(Source material begins)
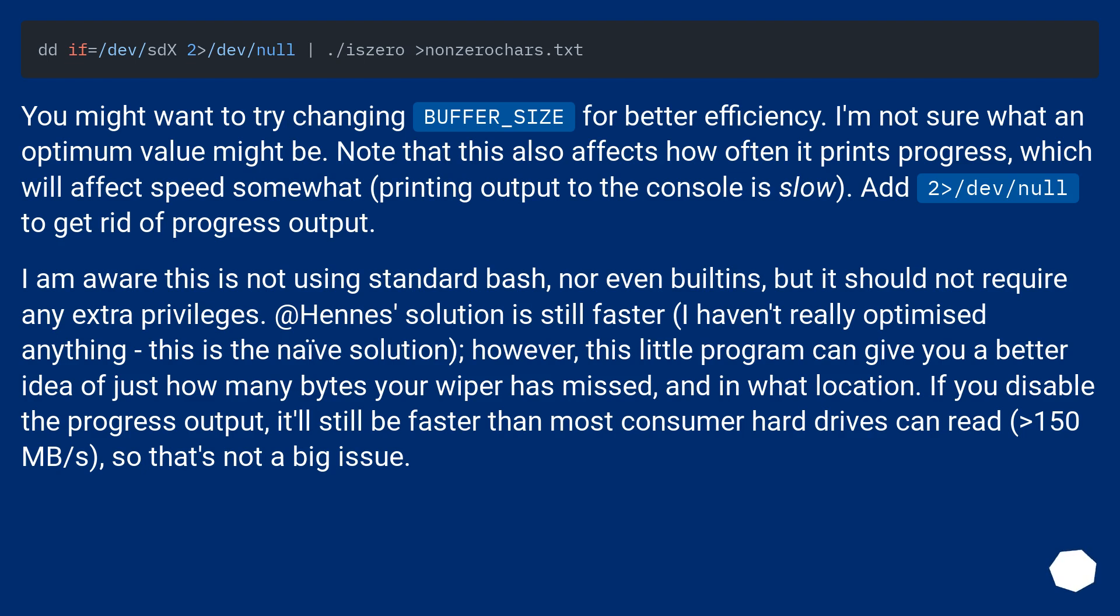Hennes solution is still faster, I haven't really optimized anything, this is the naive solution. However, this little program can give you a better idea of just how many bytes your wiper has missed,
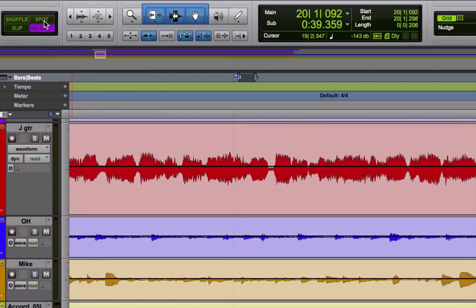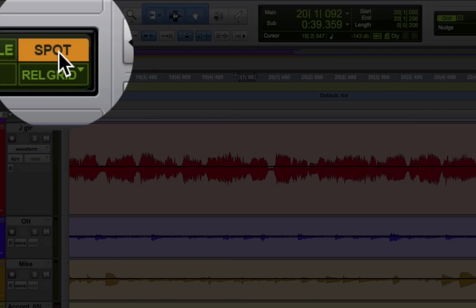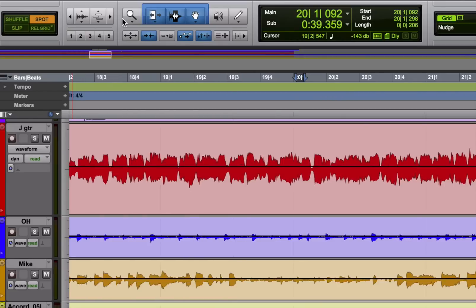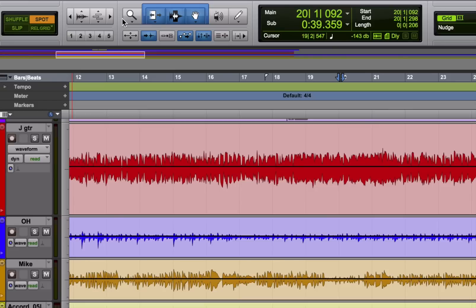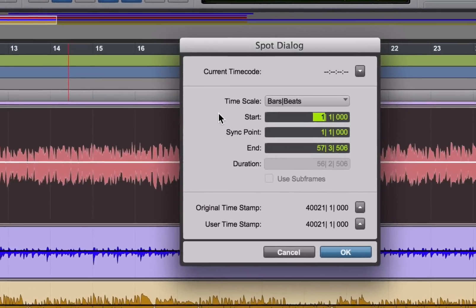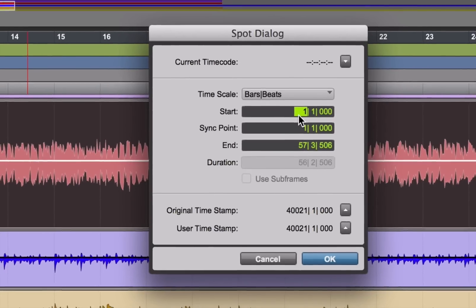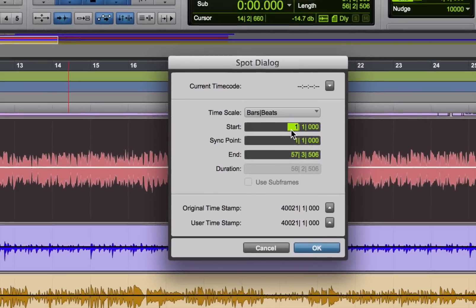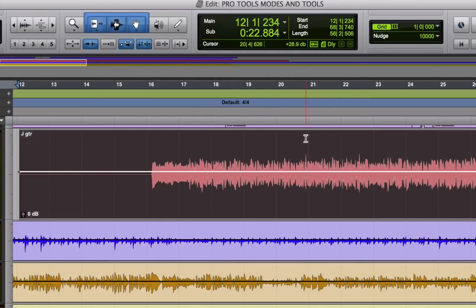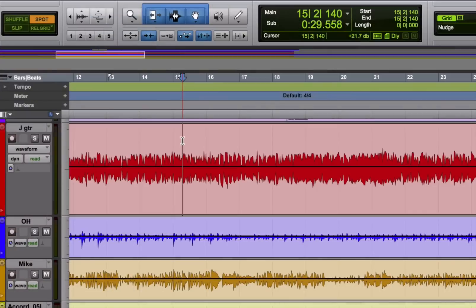The next mode is called spot mode. It's designed to let you place a region at a specific spot, whether it's in bars, beats, and ticks, in timecode, or some other format. As soon as you go to move a region in spot mode, you will get a dialog box. And you can then type in the exact location and then it will place it right there. So it's really good if you're working with picture and you want a sound effect on a precise timecode location.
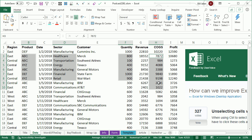But thankfully, just recently in Office 365, they now give us the ability to Ctrl-Click and remove something from the selection, even something from the middle of the selection.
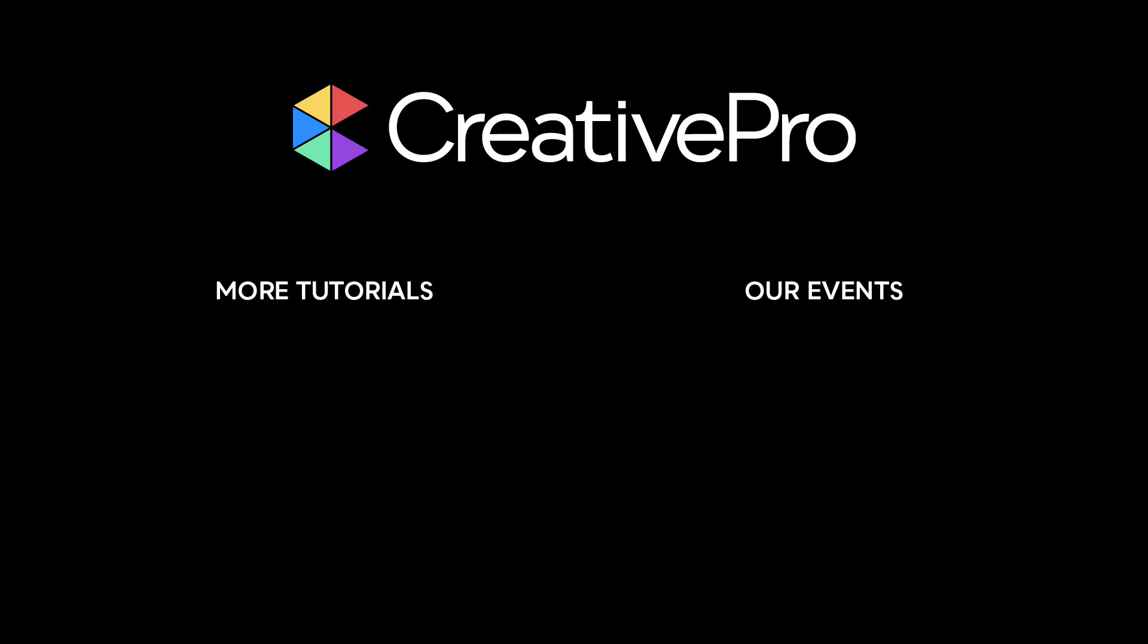Well, I hope you enjoyed this video. If you did, be sure to give it a like and subscribe to our channel. And for thousands more how-to articles and tutorials, visit our website, creativepro.com, and become a member today. Thanks for learning with us.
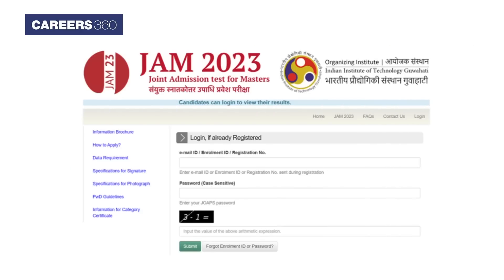Step 2: A new IIT JAM 2023 login page will appear on your screen. Step 3: Enter your login credentials — email ID and password.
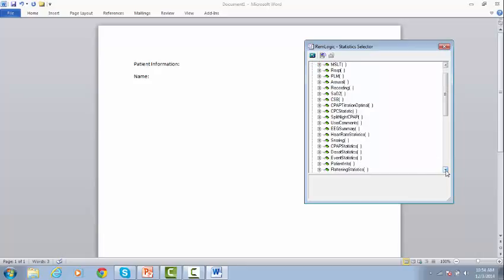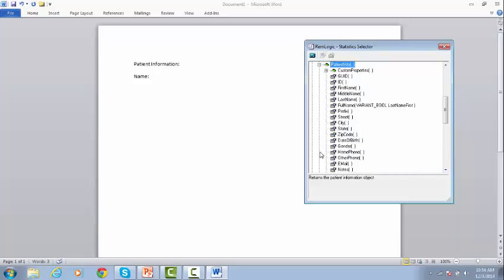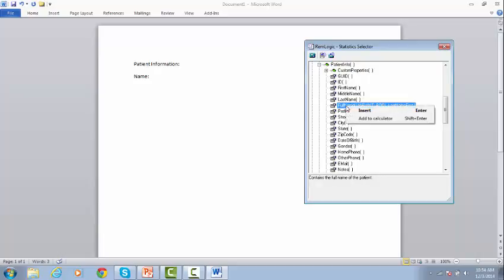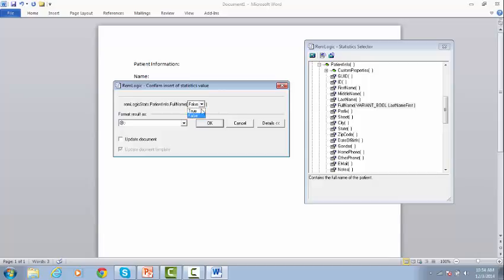We search for Patient Information. And from this menu, select the full name. Right-click on it, and click Insert. The statistics value window will pop up. Make the required changes, and click OK.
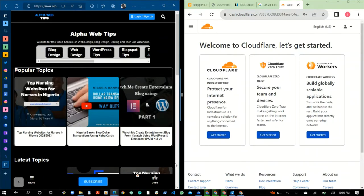Hello everyone, welcome to another video on Half Hour Tips. In this video I want to show you how you can make your Blogger custom domain name open on Glo network. If you have a Blogger account and your custom domain name is already mapped to it, it will naturally not open on Glo network.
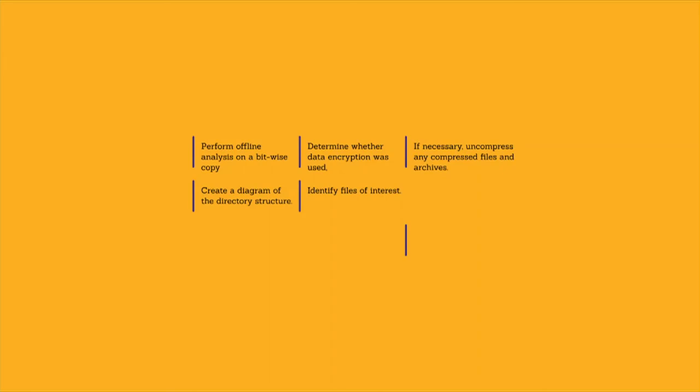Identify files of interest. If you know which files are affected by the security incident, you can focus the investigation on these files first.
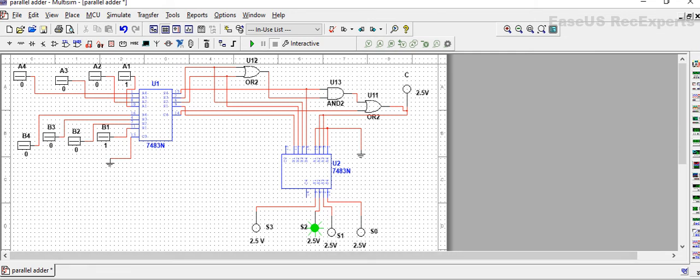In our next session we are going to perform the BCD subtractor. So till that, subscribe my channel Smart Edu and stay tuned.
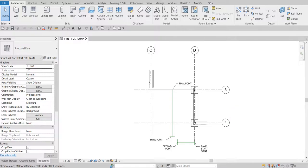What's up guys, Learning with Rich here. In this exercise we're going to create a multi-segment ramp by drawing its run in sketch mode, and then after that I'm going to show you how to modify the railing.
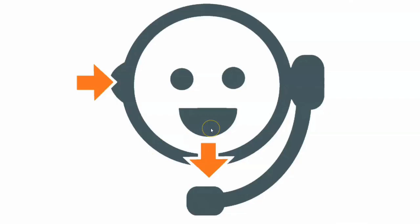In this video, we're going to learn how to activate the simultaneous interpreting function in Zoom.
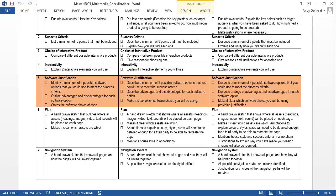This video looks at the fifth section of the marking criteria, which is Software Justification. You've actually done some of this already for this mark.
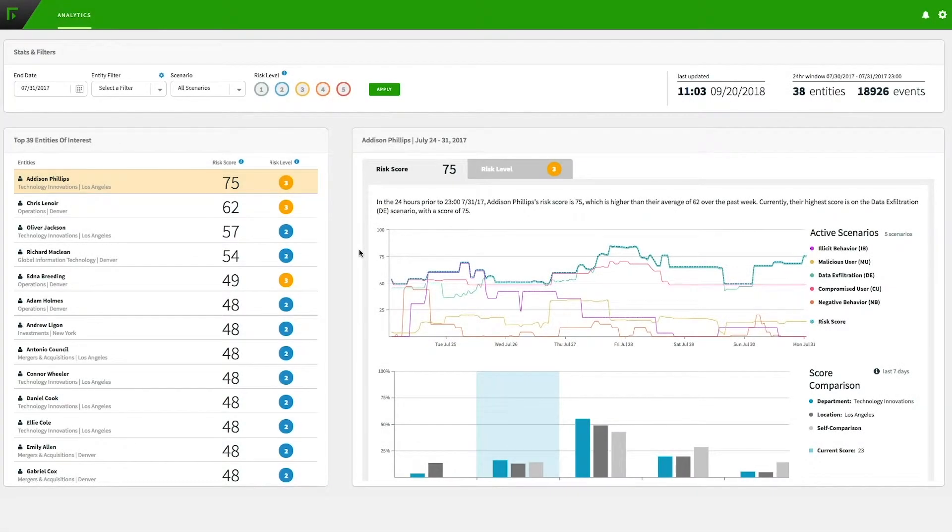Here in the main dashboard, we see across the top the overall health of the organization.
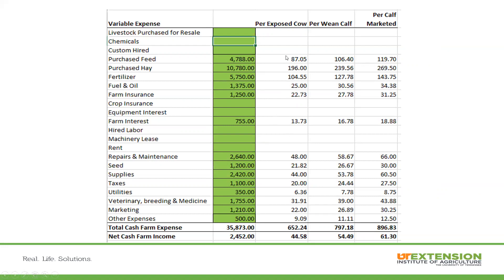As you can see, it's broken down further per exposed cow and per marketed calf, and you can see where these individual costs come into play. When we come down to the total, we look at the total cash farm expenses for that exposure — about $650 in this example — giving a net income of $44. If you only do this one time, there's value to it. However, over the course of two, three, four, or five years down the road, you can see the trend lines — are you making improvements within that operation? And also how it compares to other operators in your area across the state.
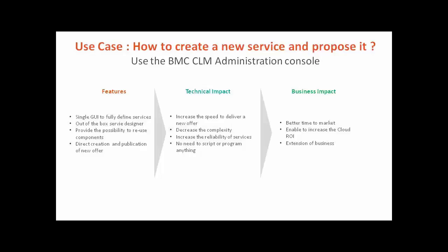While avoiding the use of script or any programmation, these decrease the time to market and participate to increase the cloud ROI and business extension. Thank you for your attention.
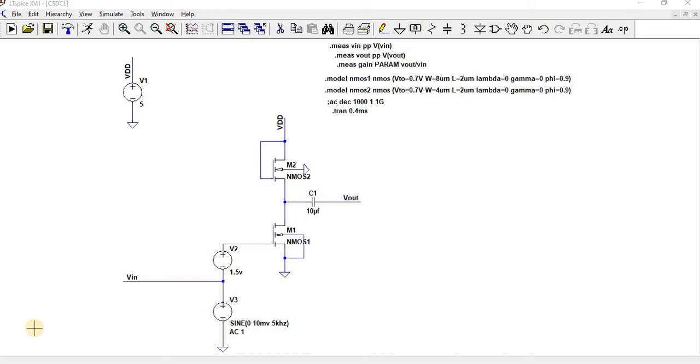Hello everyone, in this video we are going to see about a common source with a diode connected load.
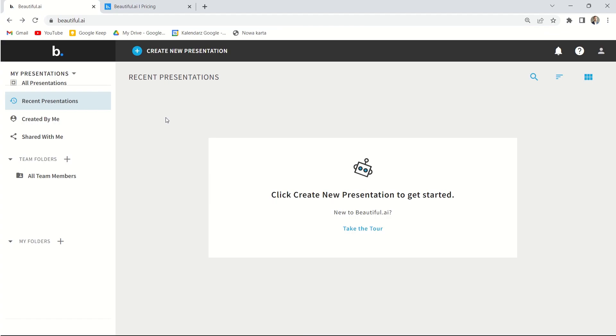Hi, this is Piotr Gardej. Today I would like to show you a really cool presentation tool, a tool for creating slides. An important notice beforehand - it's not a sponsored video, I don't earn any money on reviewing it, and I have nothing in common with creators of this tool.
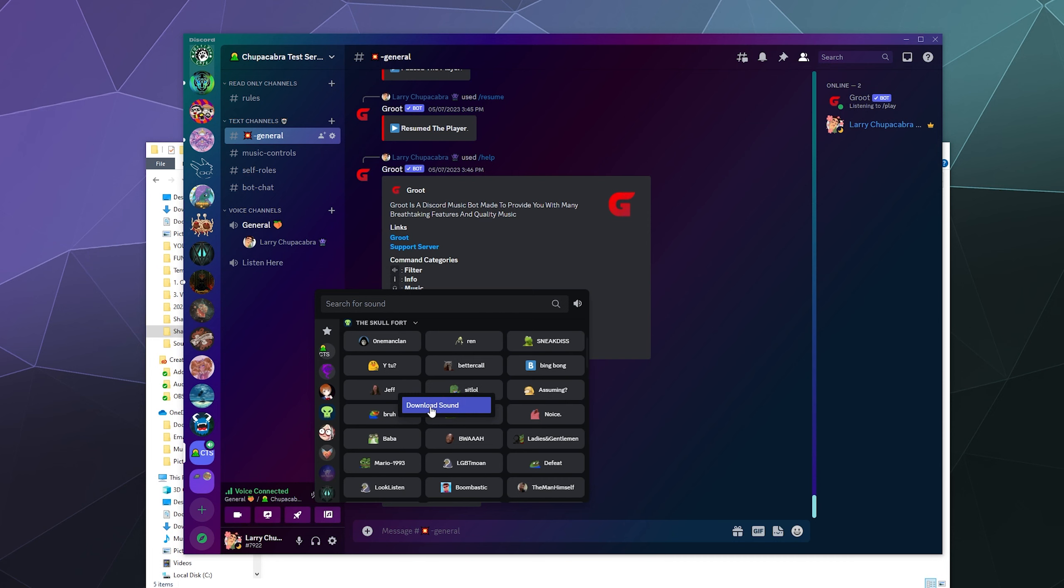You can just download other sounds from other servers. Now this does bring into account the fact that this means that anyone can download any sound from any server. So be careful with what you upload so that you don't get yourself in trouble.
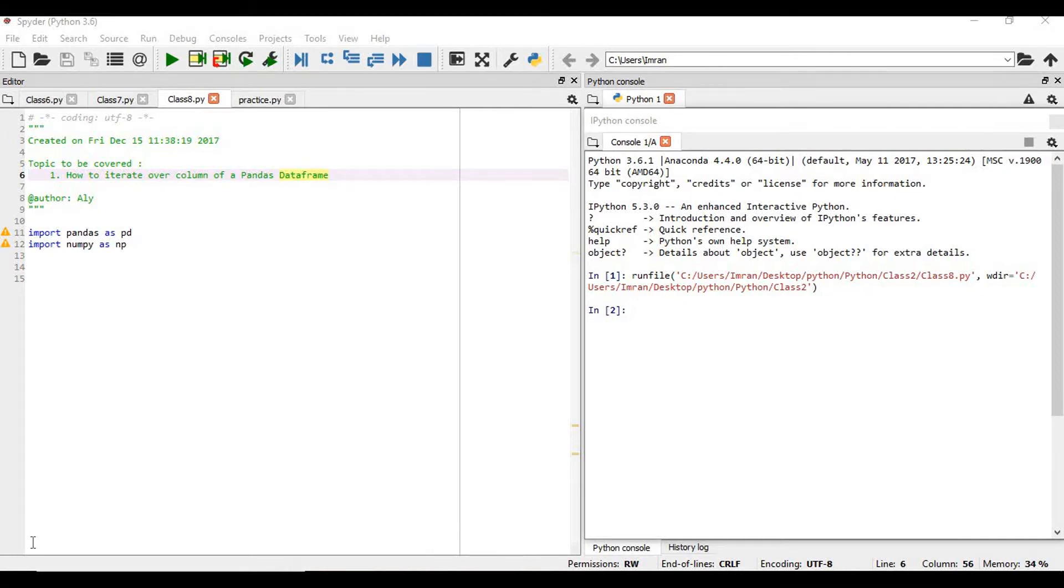Hi all, welcome to an important session of Python for Machine Learning. In this session, I will cover how to iterate over a column of a pandas data frame. So let's start.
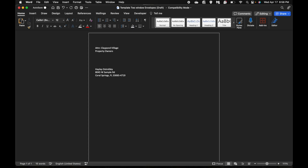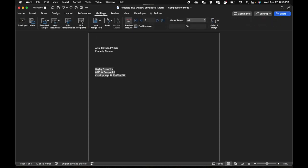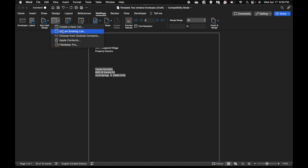Once you have that typed and you are going to highlight the address, then you're going to go to the mailings tab at the top. Then select the tab that says select recipients. There will be a drop-down selection to choose from. You want to choose use an existing list.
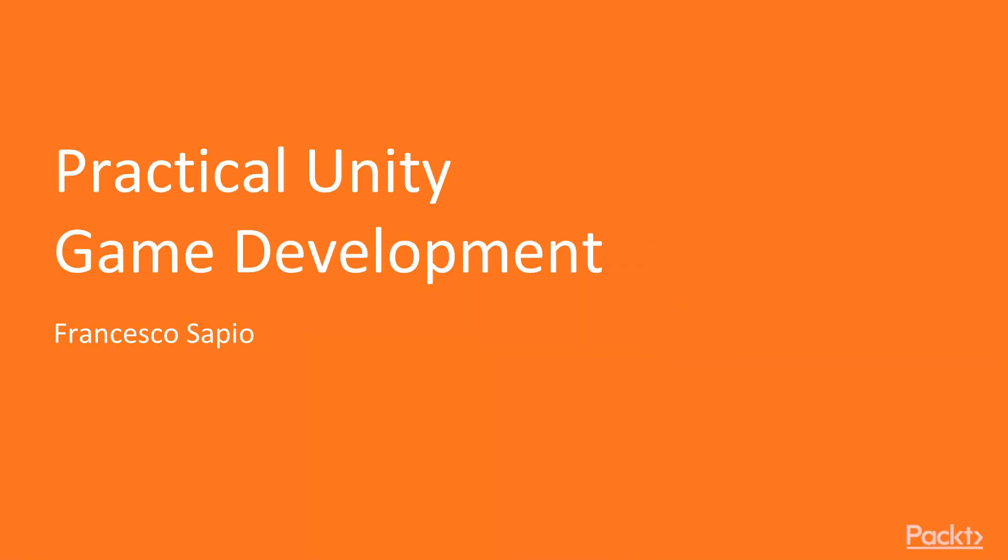Hi, I'm Francesco Sapio and welcome to Practical Unity Game Development.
(Source material ends)
Task statement
Copy the records word for word, leaving no picture in the copy.

Solution to this problem
Hennes solution is still faster, I haven't really optimized anything, this is the naive solution. However, this little program can give you a better idea of just how many bytes your wiper has missed,
The next mode is called spot mode. It's designed to let you place a region at a specific spot, whether it's in bars, beats, and ticks, in timecode, or some other format. As soon as you go to move a region in spot mode, you will get a dialog box. And you can then type in the exact location and then it will place it right there. So it's really good if you're working with picture and you want a sound effect on a precise timecode location.
But thankfully, just recently in Office 365, they now give us the ability to Ctrl-Click and remove something from the selection, even something from the middle of the selection.
Well, I hope you enjoyed this video. If you did, be sure to give it a like and subscribe to our channel. And for thousands more how-to articles and tutorials, visit our website, creativepro.com, and become a member today. Thanks for learning with us.
Step 2: A new IIT JAM 2023 login page will appear on your screen. Step 3: Enter your login credentials — email ID and password.
We search for Patient Information. And from this menu, select the full name. Right-click on it, and click Insert. The statistics value window will pop up. Make the required changes, and click OK.
Hello everyone, welcome to another video on Half Hour Tips. In this video I want to show you how you can make your Blogger custom domain name open on Glo network. If you have a Blogger account and your custom domain name is already mapped to it, it will naturally not open on Glo network.
Identify files of interest. If you know which files are affected by the security incident, you can focus the investigation on these files first.
In our next session we are going to perform the BCD subtractor. So till that, subscribe my channel Smart Edu and stay tuned.
What's up guys, Learning with Rich here. In this exercise we're going to create a multi-segment ramp by drawing its run in sketch mode, and then after that I'm going to show you how to modify the railing.
In this video, we're going to learn how to activate the simultaneous interpreting function in Zoom.
This video looks at the fifth section of the marking criteria, which is Software Justification. You've actually done some of this already for this mark.
Here in the main dashboard, we see across the top the overall health of the organization.
As you can see, it's broken down further per exposed cow and per marketed calf, and you can see where these individual costs come into play. When we come down to the total, we look at the total cash farm expenses for that exposure — about $650 in this example — giving a net income of $44. If you only do this one time, there's value to it. However, over the course of two, three, four, or five years down the road, you can see the trend lines — are you making improvements within that operation? And also how it compares to other operators in your area across the state.
While avoiding the use of script or any programmation, these decrease the time to market and participate to increase the cloud ROI and business extension. Thank you for your attention.
Hello everyone, in this video we are going to see about a common source with a diode connected load.
Hi, this is Piotr Gardej. Today I would like to show you a really cool presentation tool, a tool for creating slides. An important notice beforehand - it's not a sponsored video, I don't earn any money on reviewing it, and I have nothing in common with creators of this tool.
You can just download other sounds from other servers. Now this does bring into account the fact that this means that anyone can download any sound from any server. So be careful with what you upload so that you don't get yourself in trouble.
Hi all, welcome to an important session of Python for Machine Learning. In this session, I will cover how to iterate over a column of a pandas data frame. So let's start.
Once you have that typed and you are going to highlight the address, then you're going to go to the mailings tab at the top. Then select the tab that says select recipients. There will be a drop-down selection to choose from. You want to choose use an existing list.
Hi, I'm Francesco Sapio and welcome to Practical Unity Game Development.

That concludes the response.